If your father is Welsh, your mother Chinese-Malay and you were brought up mainly in England, your mind will probably dwell frequently on identity and belonging. So it is, I imagine, with Peter Ho Davies, whose novel The Welsh Girl turns on precisely those themes.
It's 1944, not long after D-Day. Young Esther lives with her widowed father on a sheep farm near a remote village in North Wales, where Welsh is everyone's first language and outsiders are distrusted, especially if they're English. She works part-time in the village pub where she meets English people for the first time, including soldiers, with one of whom she has a brief, rather brutal encounter before he's shipped off elsewhere. Soon after, a group of German prisoners of war is brought to a nearby disused holiday camp and Esther finds herself befriending Karsten, a German soldier full of alienating guilt at having surrendered his men on D-Day. How can he explain this in letters to his proud mother in Germany? Their relationship, mainly conducted through the camp's wire fence, is the main thread of the novel and is in touching contrast to her one-night stand with the English soldier, although Karsten is technically the enemy. Exposure first to the English, then to Germans, creates tension with her nationalistic father who (deliberately?) stumbles over his English, and makes Esther think about her own Welsh identity and what it means in the wider world.

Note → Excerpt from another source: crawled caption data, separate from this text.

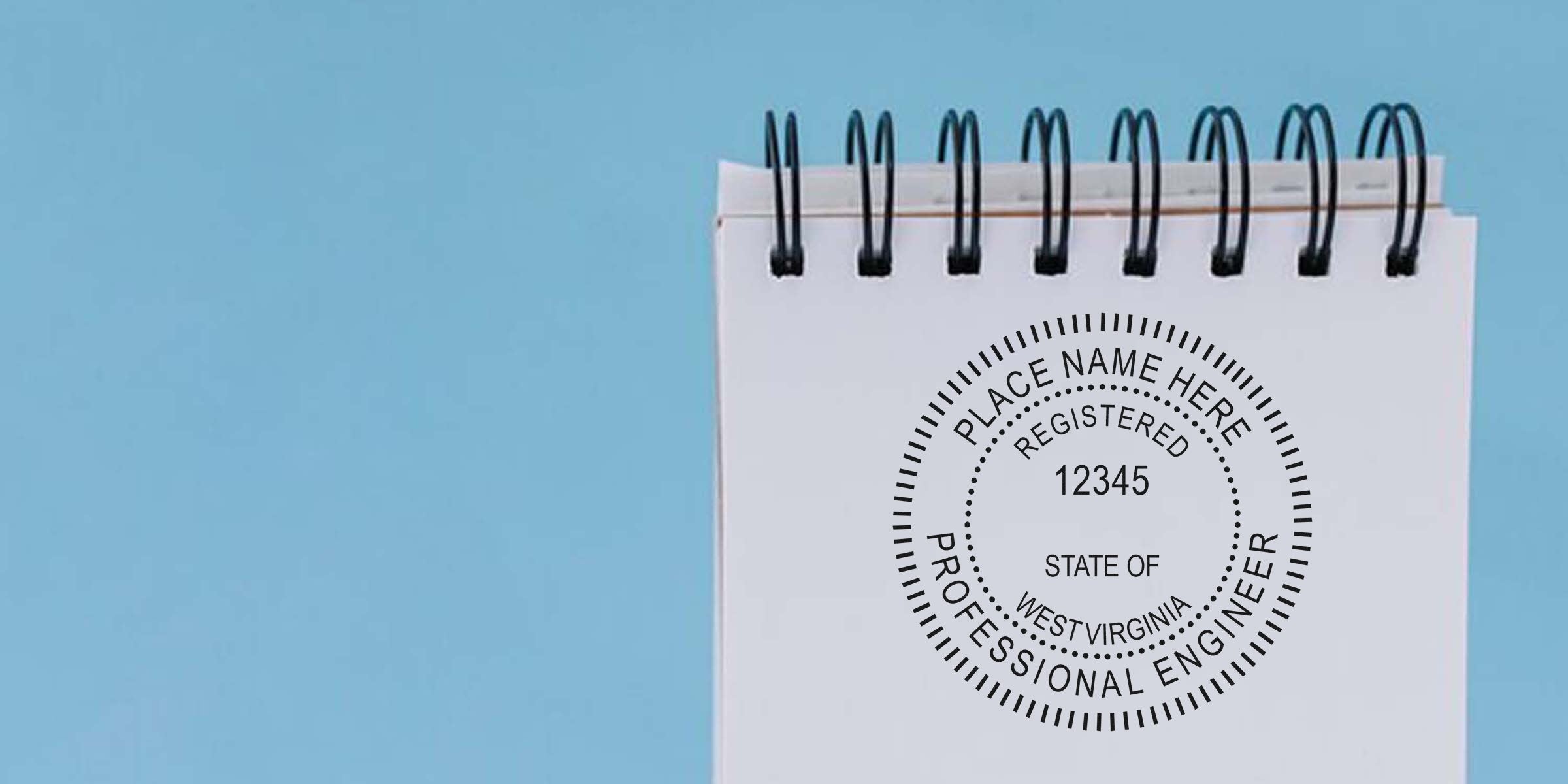 WV professional engineer seal stamped on spiral notebook with blue background, showing registered West Virginia engineering seal.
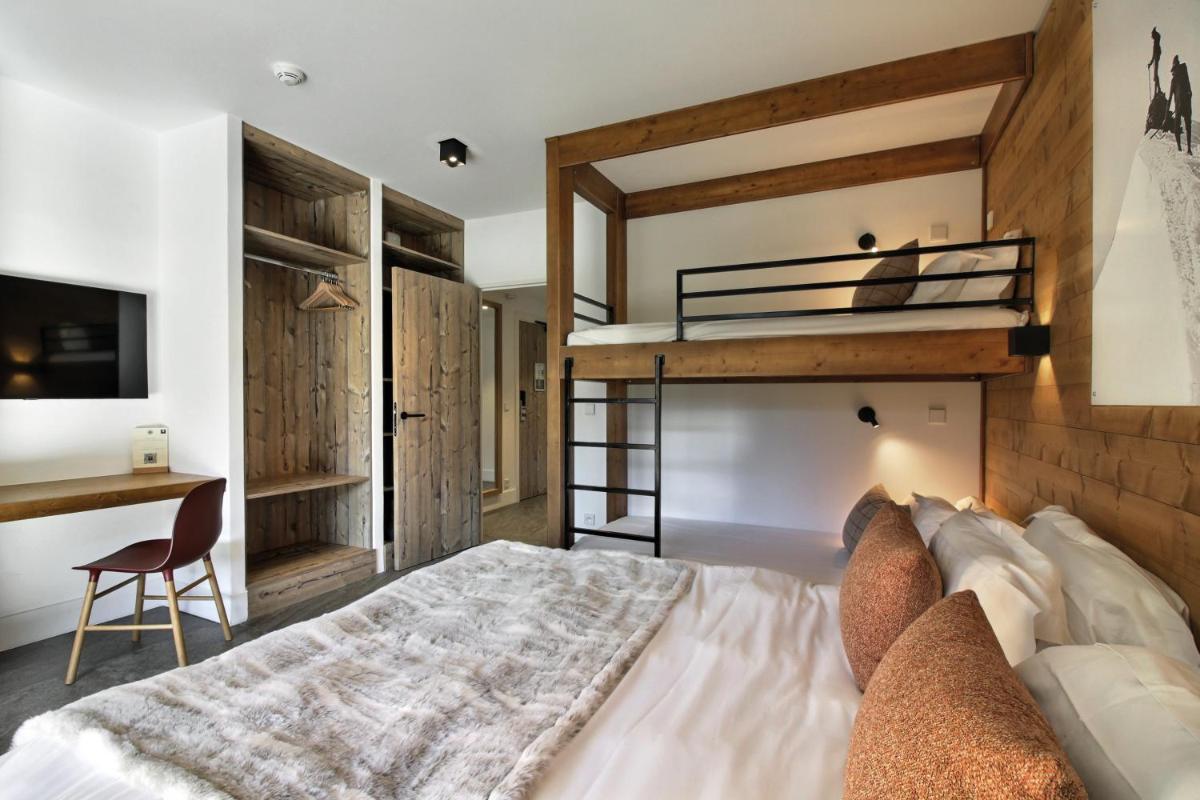 Un ou plusieurs lits dans un hébergement de l'établissement Pure Montagne Resort & Spa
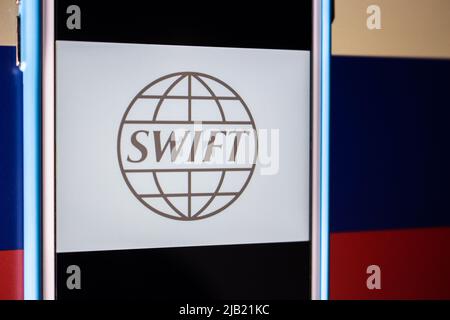 Logo von SWIFT (The Society for Worldwide Interbank Financial Telecommunication) auf dem iPhone auf russischer Flagge. Sanktionen für Ukraine Invasion Konzept Stockfoto
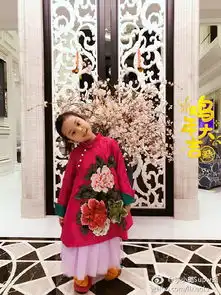 甜馨红衣迎财神喜庆劲十足扎俩小辫儿卖萌逗趣8894607
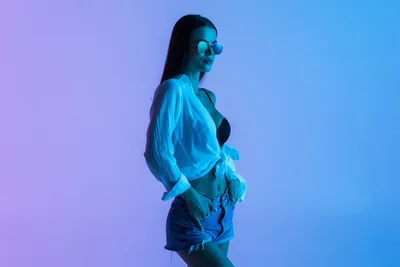 Woman in Blue Lighting with Sunglasses and Casual Wear - free people & portraits wallpaper 6720×4480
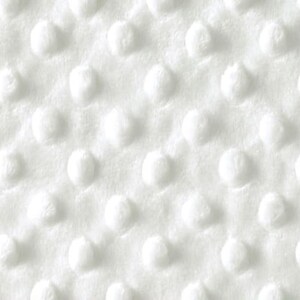 Puede incluir: Tela blanca con un patr&oacute;n texturizado de peque&ntilde;os puntos en relieve.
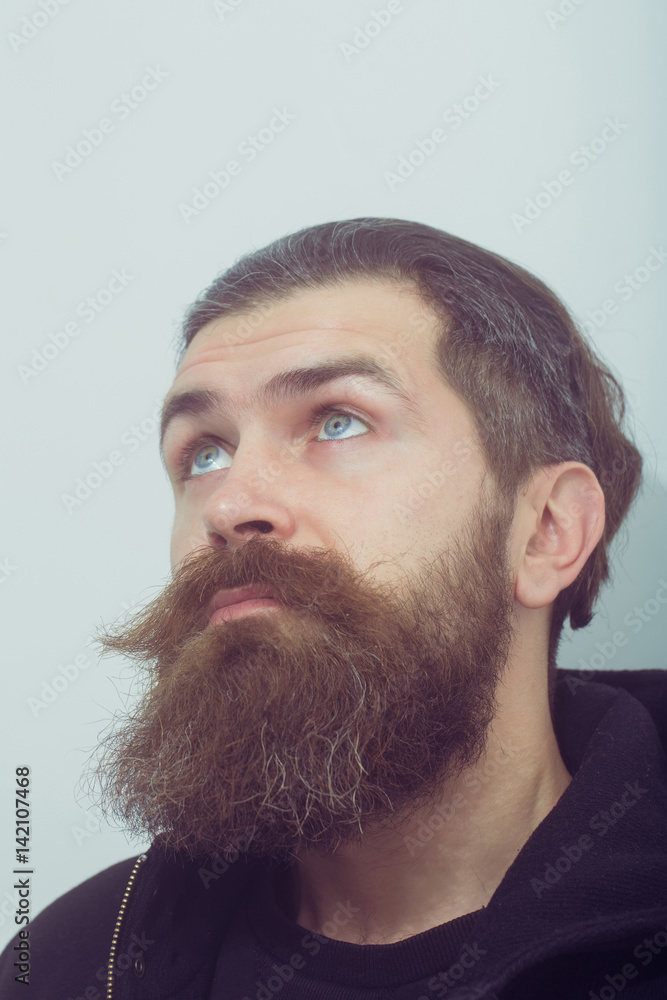 Obraz premium bearded surprised brutal caucasian man look up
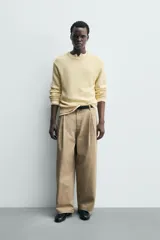 Pantalón chino de corte wide fit confeccionado en tejido de algodón. Presenta pliegues frontales, bolsillos laterales y bolsillos traseros de vivo, con cierre frontal de cremallera y botón.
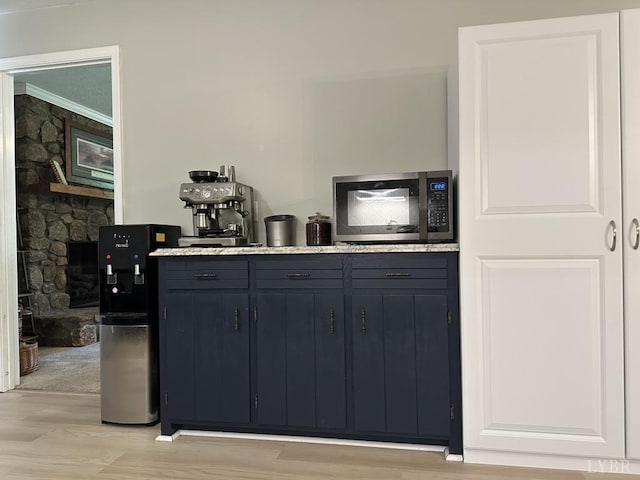 69 Gough Rd, Rustburg, VA 24588 - kitchen with stainless steel microwave and light wood finished floors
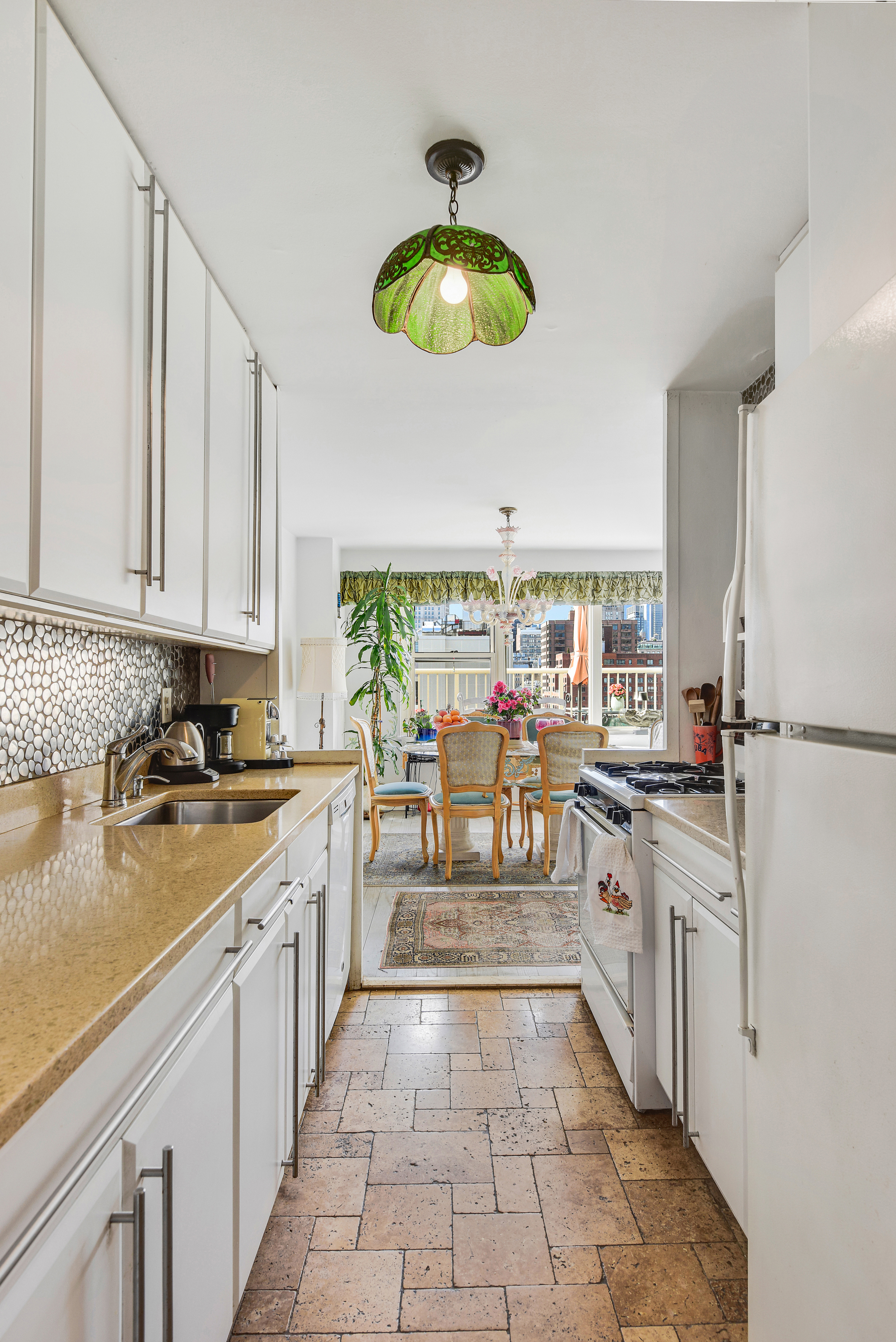 305 East 24th Street, Unit 18C Manhattan, NY 10010 - Photo 8 of 13 a kitchen with stainless steel appliances granite countertop a sink a stove oven a counter space and cabinets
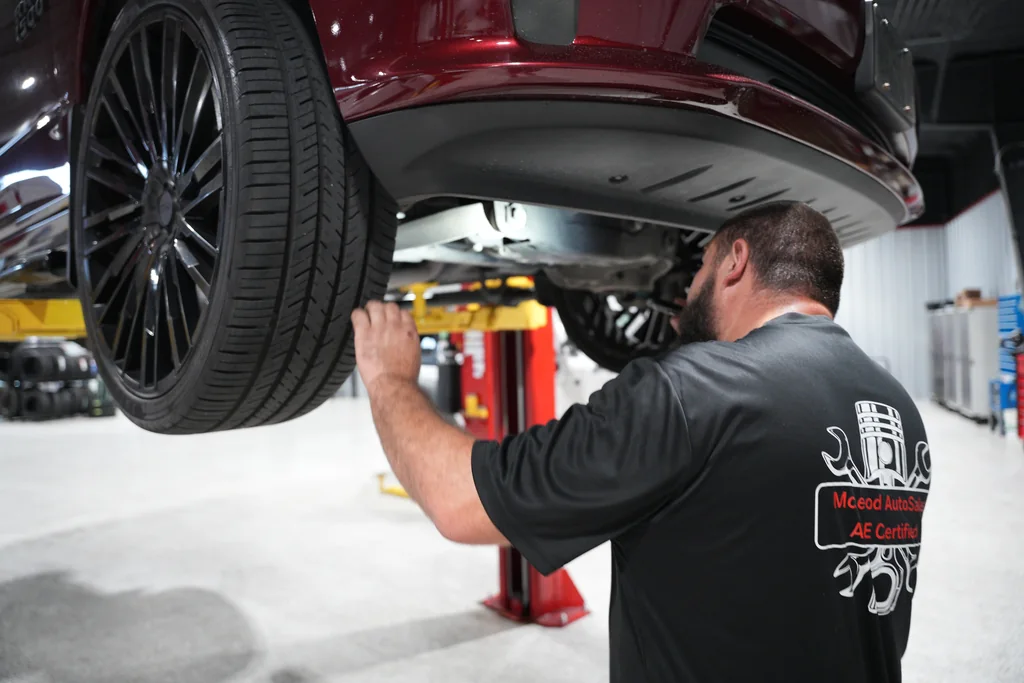 Técnico inspeccionando la parte inferior de un vehículo elevado junto a la rueda delantera.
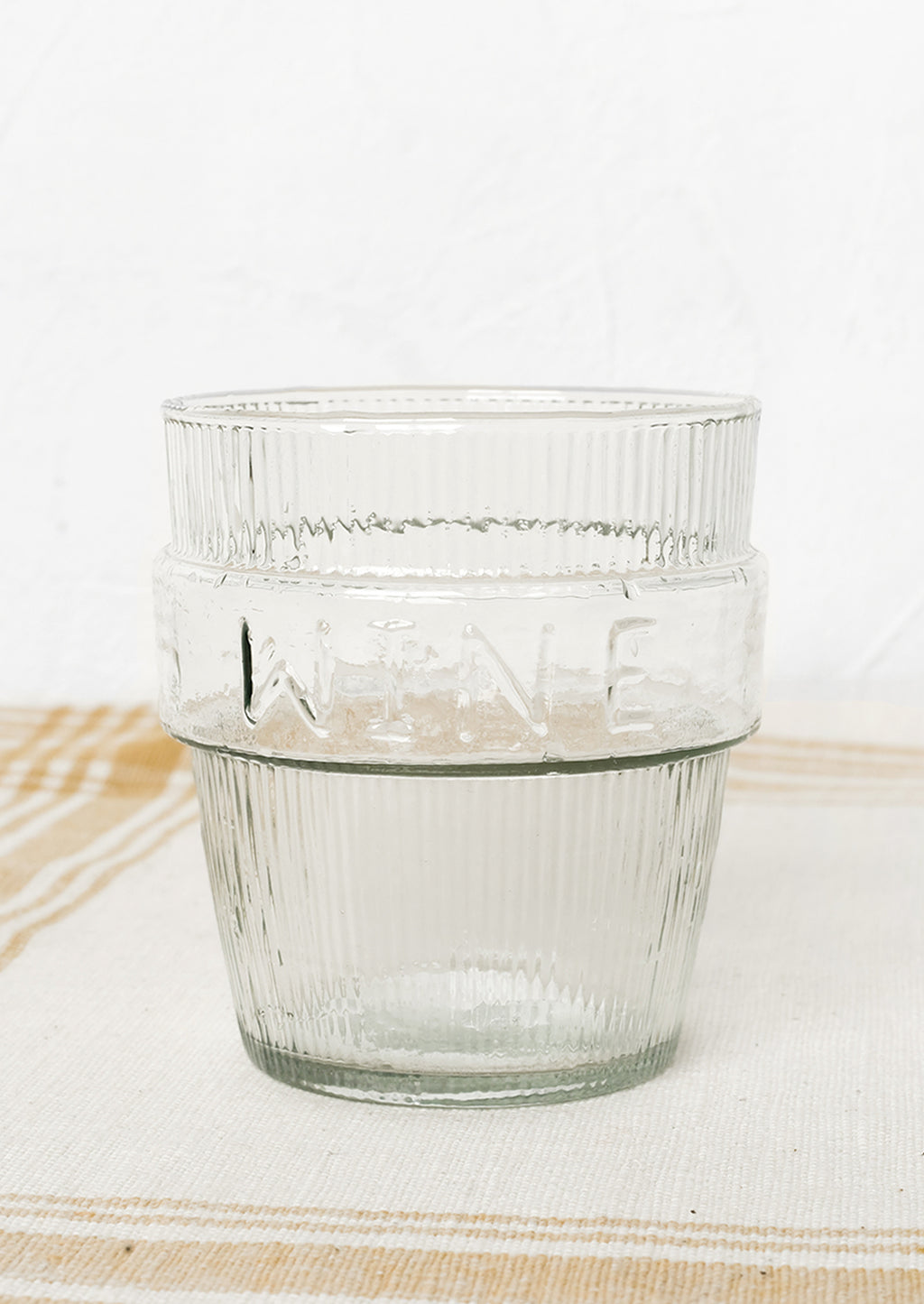 1: A short ribbed clear glass cup labeled "wine".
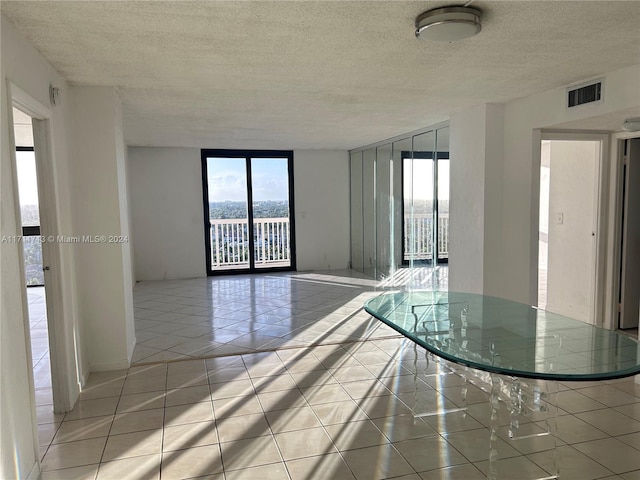 unfurnished room featuring light tile patterned flooring and a textured ceiling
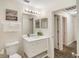 Bright bathroom featuring a toilet, sink, granite counters, and a shower at 150 Barefoot Beach Way, Kissimmee, FL 34746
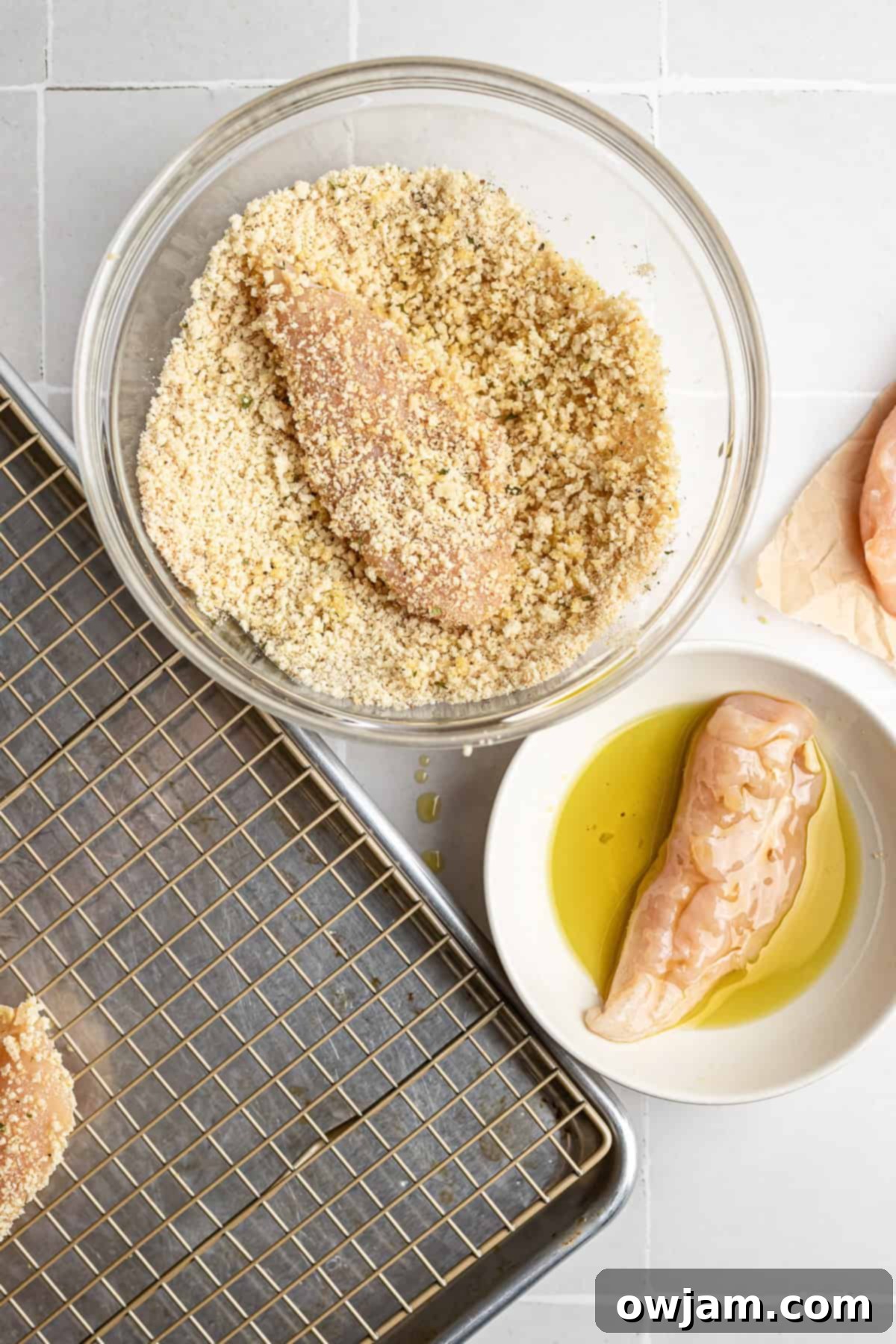 Super Crispy Easy Baked Chicken Tenders 5 Dredging raw chicken tenders in olive oil before coating them in the panko breadcrumb mixture.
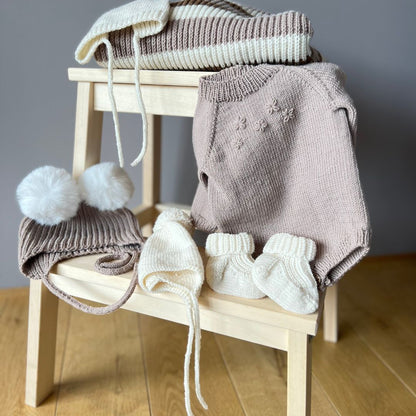 Strikket blomsterbody sammen med flere strikkede plagg – strikke babygarderoben i 100% kløfri merinoull. Strikkepakke blomsterbody med enkel strikkeoppskrift – nybegynnervennlig babystrikk. Lettstrikket body med knapper mellom beina for enkelt bleiebytt og elastisk hals for lett av- og påkledning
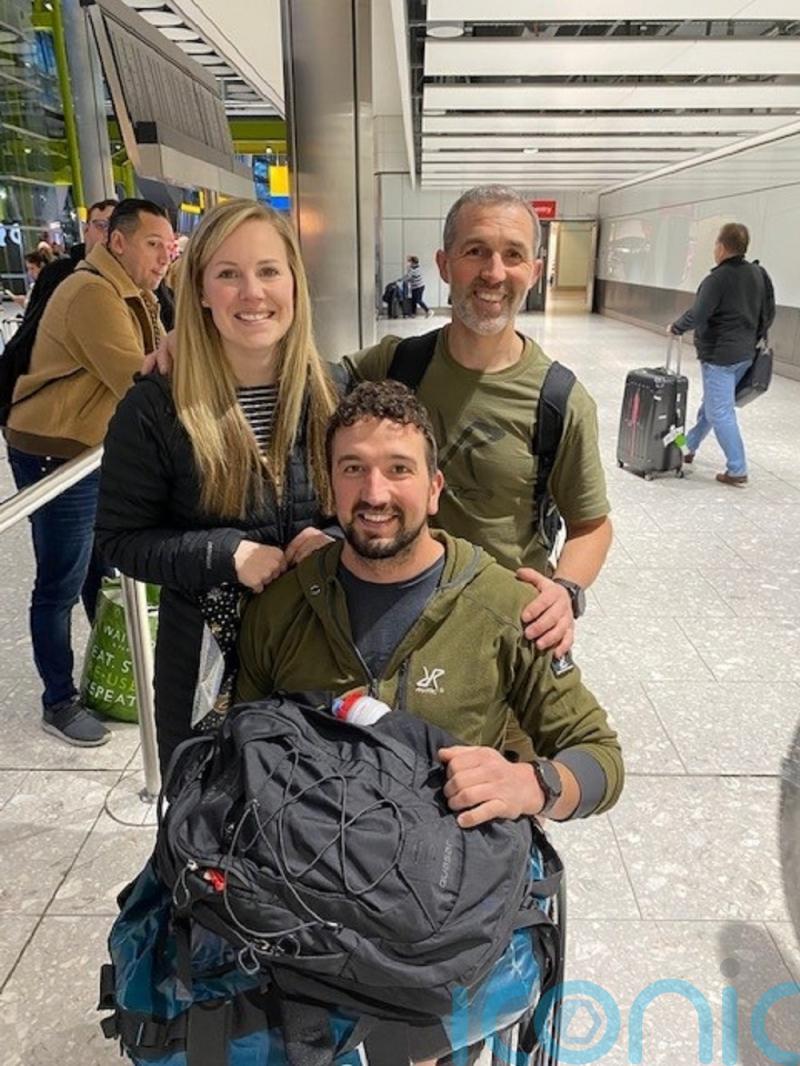 Athlete who completed endurance challenge in wheelchair returns to UK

The story of Esther and Karsten is bracketed by another: Rotheram, a British intelligence officer whose German-Jewish family fled to England when he was a child, is sent to North Wales to question Rudolf Hess in order to help determine whether he's sane enough to stand trial for Nazi war crimes. Obviously, Rotheram (I used to be a German, but now I'm just a Jew) is also wrestling with problems of belonging and identity. And so, rather more obliquely, is Hess.
If all this sounds rather contrived and message-driven, I didn't find it so. Peter Ho Davies has given us flesh-and-blood characters, not ciphers. Even minor characters like Harry the radio comedian, Jim the evacuee child and the mother of the Welsh lad who loves Esther are full of life. And if, unlike these let-it-all-hang-out times of ours, they seem unengagingly restrained in their emotions, that's surely authentic - people were like that in those days, which makes the story all the more moving.
And if the novel as a whole is understated and the story slow to take off, this is all to the good: we get to know the characters in their settings much as we get know the people we meet in real life, and for this reader, at any rate, they and their dilemmas stay in the mind long after the novel is finished.
Here's a perceptive article from The Observer on Peter Ho Davies and his work. It's particularly good on the historical background to The Welsh Girl and how its themes connect with the author's own life and background.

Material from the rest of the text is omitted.